Benzer şekilde, Türkiye Ortadoğu'da Müslüman halklarla Batı arasında yeni bir pozisyona oynayacaksa, İslam'ı tam anlamıyla içselleştirmesi gerekecektir. Bu ise yatıştırılması pek de olanaklı olmayan İslamcılar ile Cumhuriyetçiler ve hatta ordu ile İslamcılar arasındaki gerilimi daha keskin biçimde üretebilecektir. Üstelik, bu yeni misyon ordunun bölgede daha askeri görevler üstlenmesine de yol açacağı için, bu kez ordu tabanında var olan, AKP karşısında sessiz ve hatta karaktersiz kalındığı yönündeki tepkiler, daha formüle edilmiş biçimde ortaya dökülebilecektir. Üstelik bu kez bu tepkiler, uç beyliği konumunu abartan AKP'den rahatsızlık duyabilecek imparatorluğun merkezi tarafından da dikkate alınabilecektir.

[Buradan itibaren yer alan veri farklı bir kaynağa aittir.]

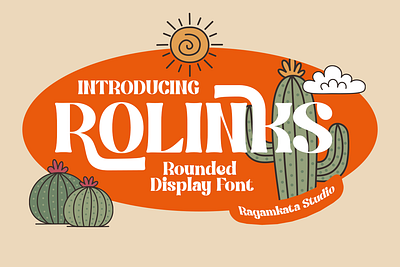 Rolinks - Rounded Display Font branding design display elegant fashion font fonts graphic design modern serif type design typography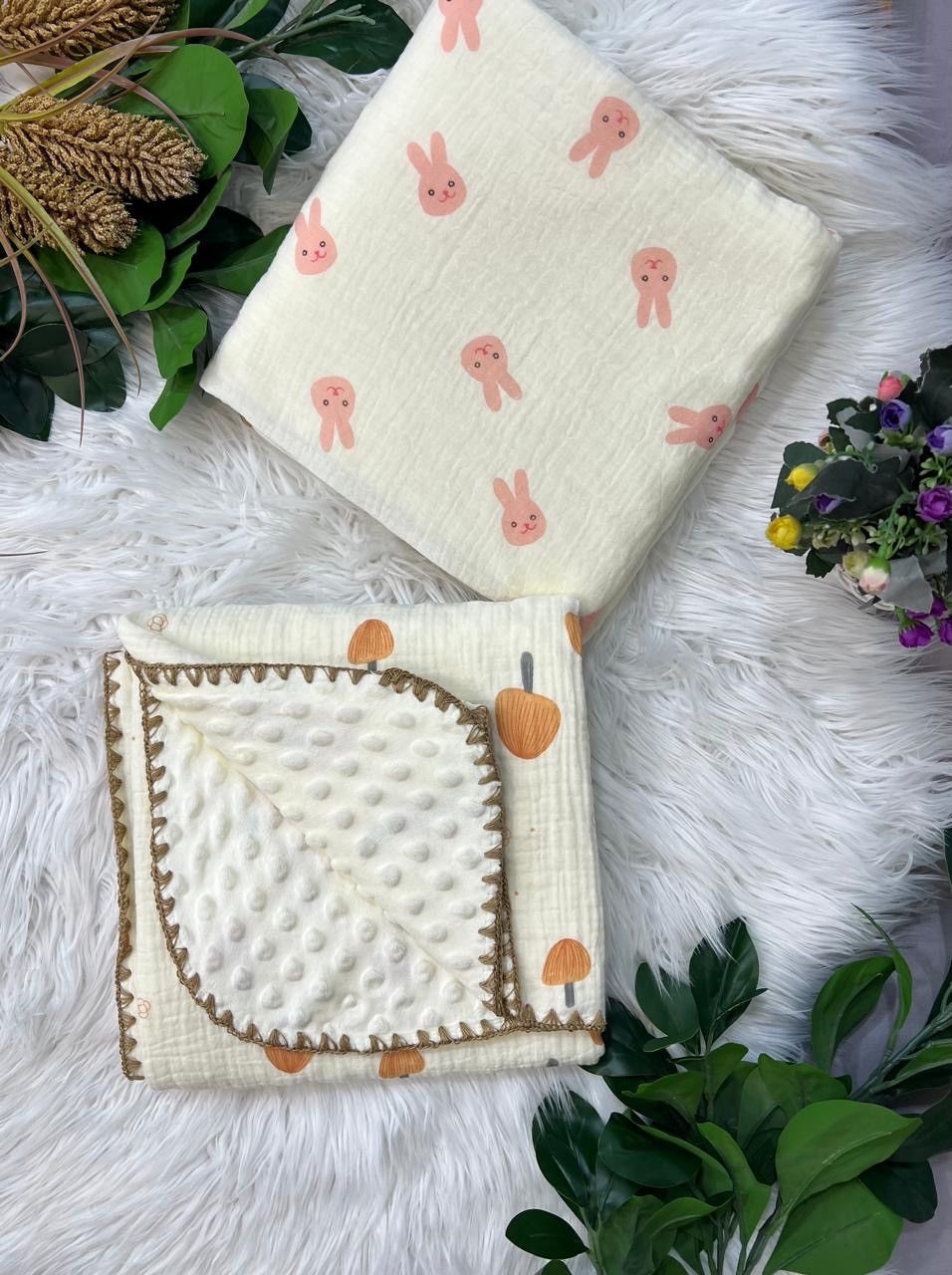Uşaq üçün pled OP-449, muslim, bej, 100x120 sm — Mallar, Bakı
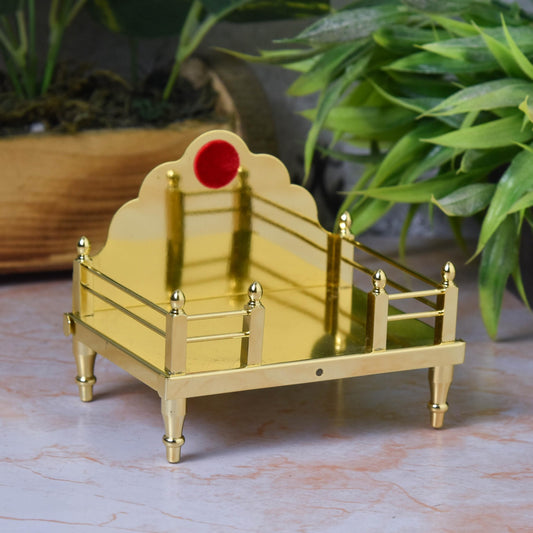 Pure Brass Singhasan for Laddu Gopal | 3.25 Inches | 125gm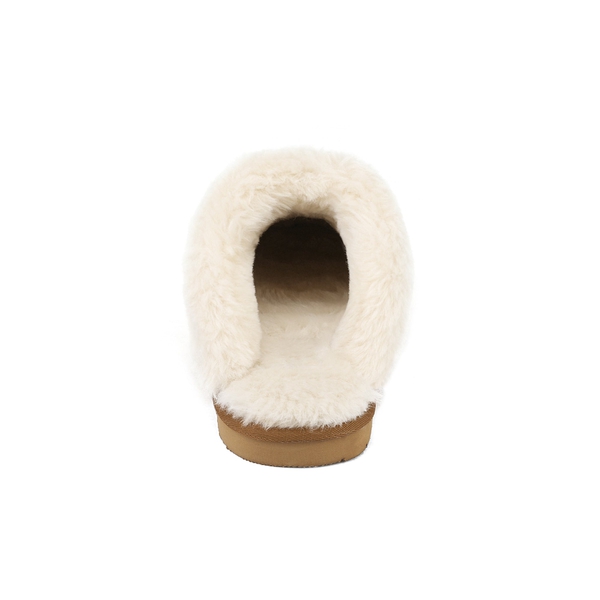 [FuzzyEasy Slipper] Fuzzy Bedroom Slippers - CHESNUT - 4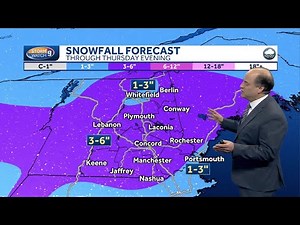 NH weather forecast: Two storm systems to bring snow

Nihayet, tabanı geniş bir U şeklinde ilerleyeceğinden söz edilen ve henüz ortasının başında olunduğu konusunda görüşler bulunan kriz ortamında, işsiz emekçi kitlelerin İslam'ın içselleştirilmesi projesini önemli derecede sekteye uğratacak kendiliğinden tepkiler üretmesi, en azından "bize ne bütün bunlardan" demesi de pekala olanaklıdır.

Kısaca, Türkiye, AKP ile sergilediği esnaf cesaretiyle son derece riskli alanlara sokulmaktadır. Bu açılımın içeride gerek sistem içi gerekse sınıfsal yeni gerilimler ve büyük anaforlar üretmesi gayet muhtemeldir. Hem emperyalistlerin hem de AKP'nin tutumu "deneyelim, görelim" türündendir. Onlar denerken, beklenmedik kitlesel savrulmalara hazırlıklı olmak gerekir.